▶ [Task goal]
Skip the images and return the records below exactly.

◇ ◇ ◇ ◇ ◇

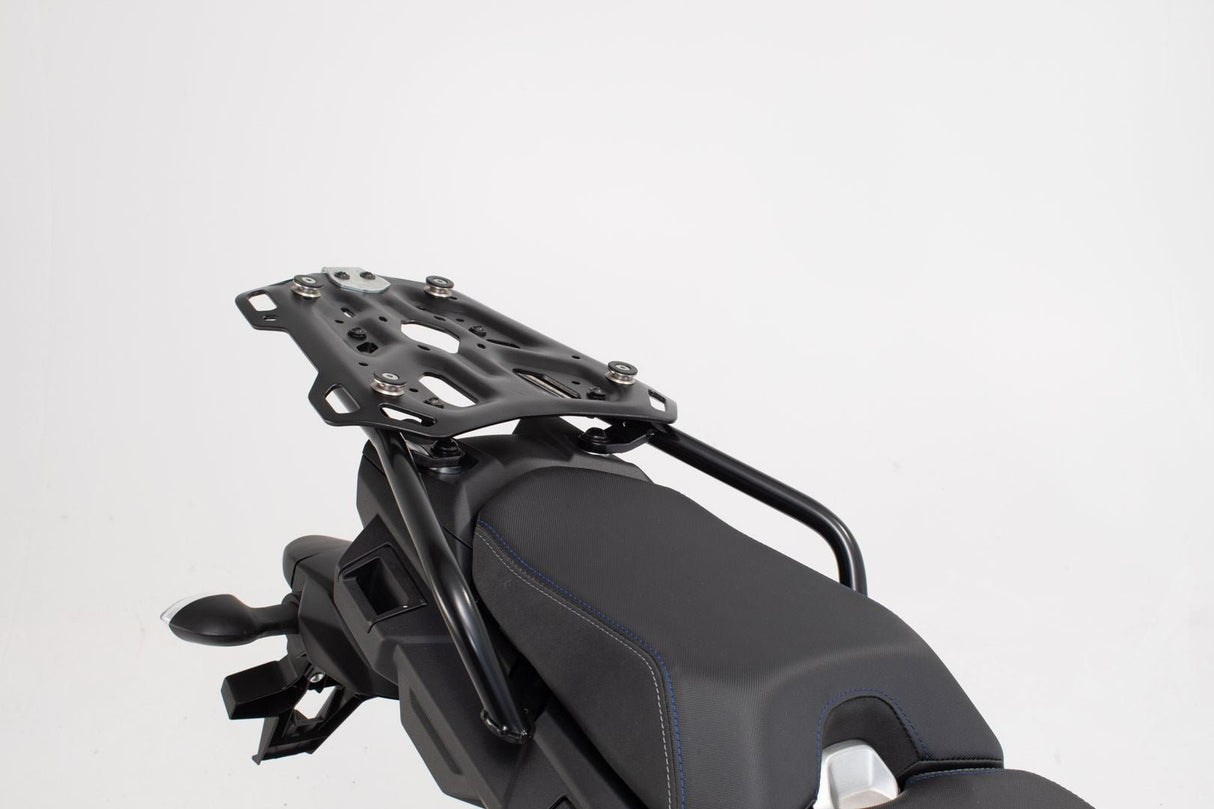 TRAX ADV Top Case System Yamaha MT - 09 Tracer/ Tracer 900GT (17 - ) Black - SW - Motech UK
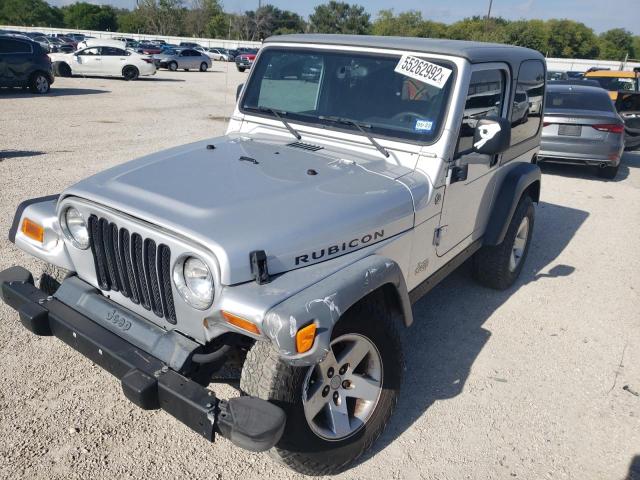 Photo 2 from auction – 2005 JEEP WRANGLER / with VIN 1J4FA69S75P314333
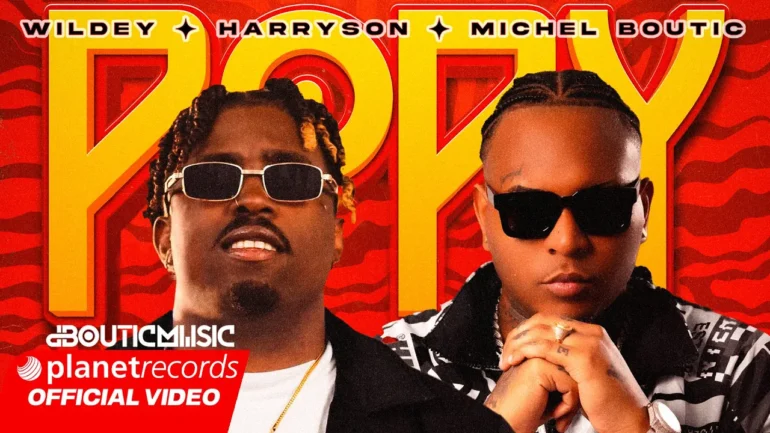 Wildey feat Harryson interpretando Popy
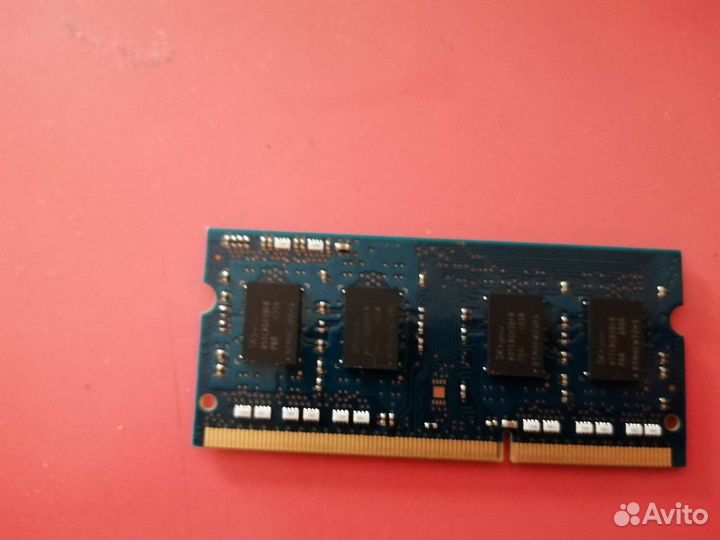 Оперативная память Ddr3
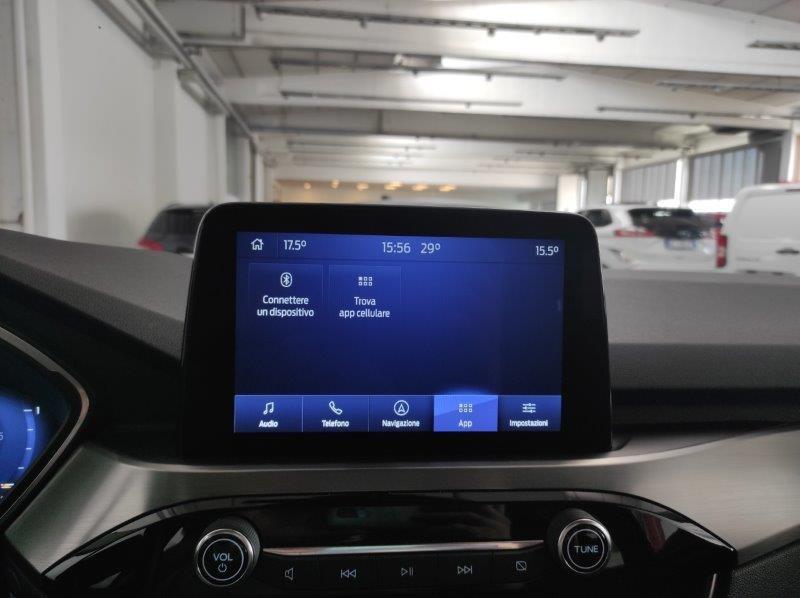 FORD Kuga 3ª serie - Kuga 1.5 EcoBlue 120 CV aut. 2WD Titanium Bus.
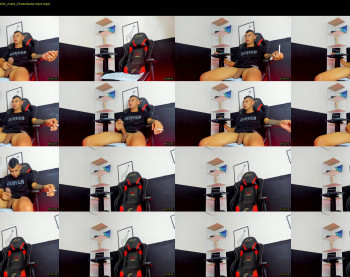 tatanwalker — 18 minute Chaturbate male cam show recording, 1080p, Jun 2, 2022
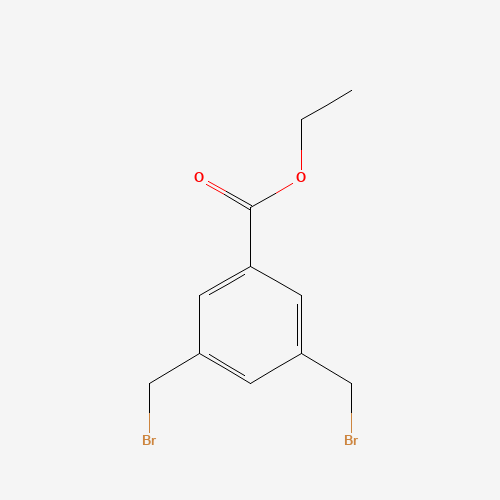 ethyl 3,5-bis(bromomethyl)benzoate (CAS: 146085-71-4) - Related Chemical Product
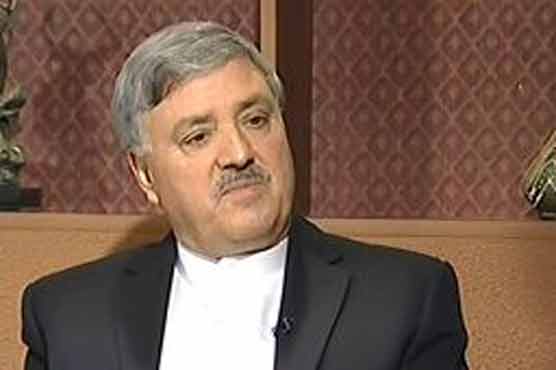 Taliban talks: New govt committee recommended, army should be on driving seat, says Major Amir
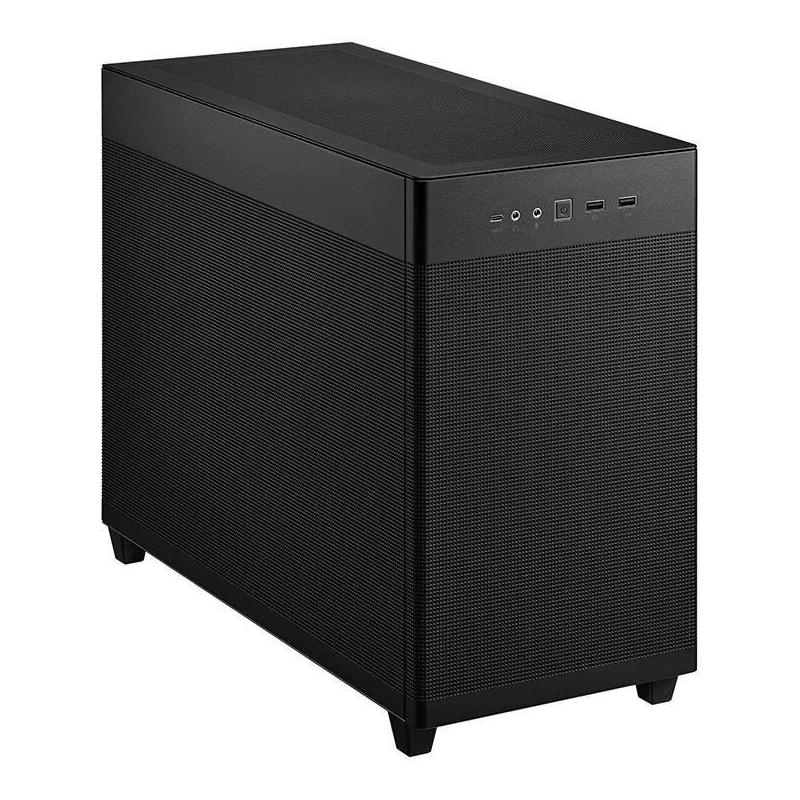 Carcasa ASUS AP201 PRIME Mesh Small Tower NEGRU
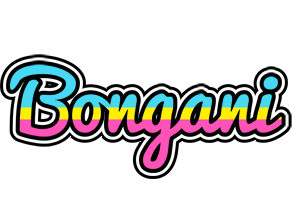 Bongani circus logo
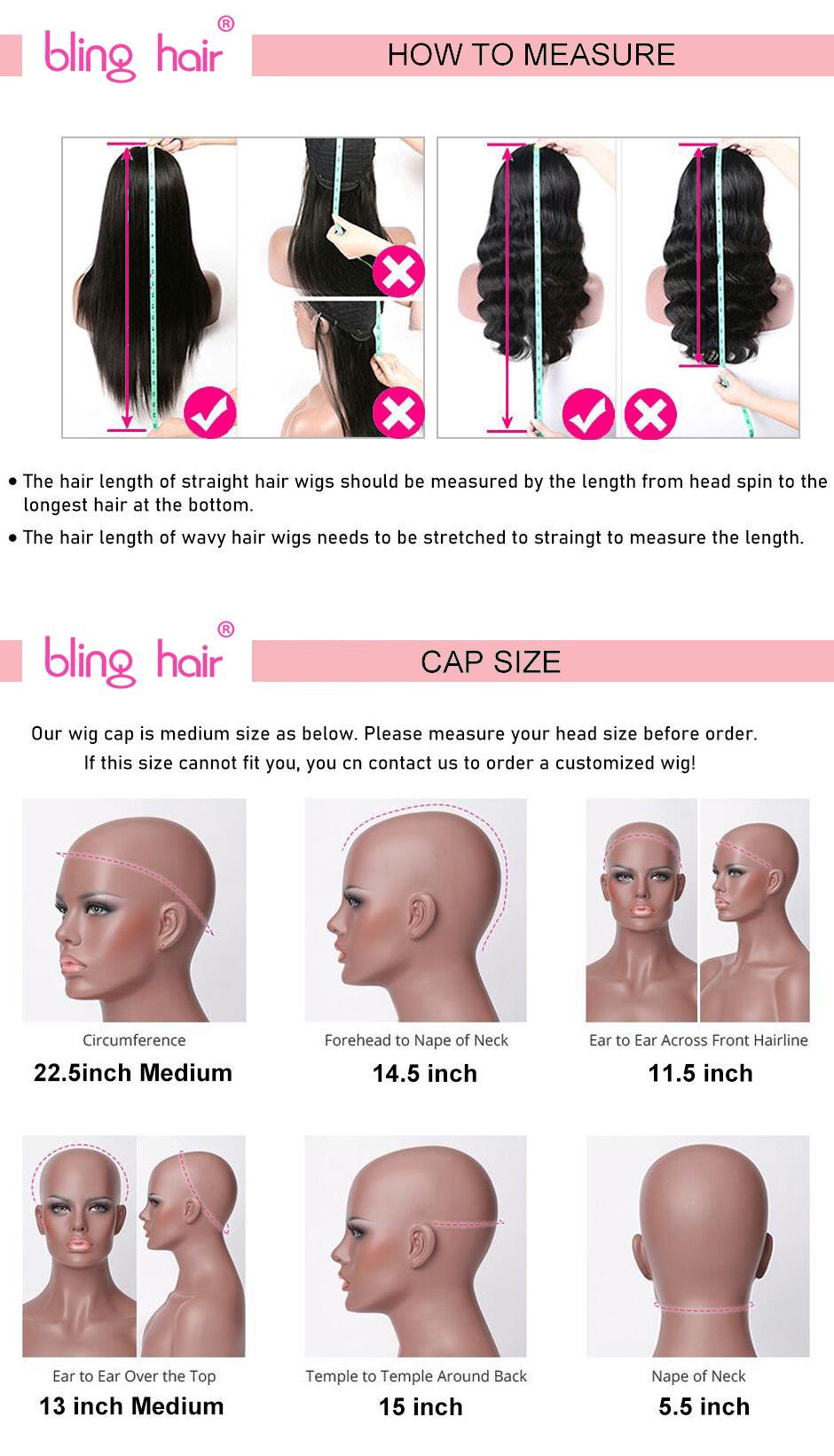 Body Wave Glueless Wigs Brazilian Pre Cut 13X4 Drawstring Glueless Hd Lace Wigs 14-36 Inches 6X4/5x5 Lace Closure Human Hair Wig For Women Pre Plucked Real Human Hair Ready To Wear Wig 180 Density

◇ ◇ ◇ ◇ ◇

▶ [Exercise response]
 TRAX ADV Top Case System Yamaha MT - 09 Tracer/ Tracer 900GT (17 - ) Black - SW - Motech UK
 Photo 2 from auction – 2005 JEEP WRANGLER / with VIN 1J4FA69S75P314333
 Wildey feat Harryson interpretando Popy
 Оперативная память Ddr3
 FORD Kuga 3ª serie - Kuga 1.5 EcoBlue 120 CV aut. 2WD Titanium Bus.
 tatanwalker — 18 minute Chaturbate male cam show recording, 1080p, Jun 2, 2022
 ethyl 3,5-bis(bromomethyl)benzoate (CAS: 146085-71-4) - Related Chemical Product
 Taliban talks: New govt committee recommended, army should be on driving seat, says Major Amir
 Carcasa ASUS AP201 PRIME Mesh Small Tower NEGRU
 Bongani circus logo
 Body Wave Glueless Wigs Brazilian Pre Cut 13X4 Drawstring Glueless Hd Lace Wigs 14-36 Inches 6X4/5x5 Lace Closure Human Hair Wig For Women Pre Plucked Real Human Hair Ready To Wear Wig 180 Density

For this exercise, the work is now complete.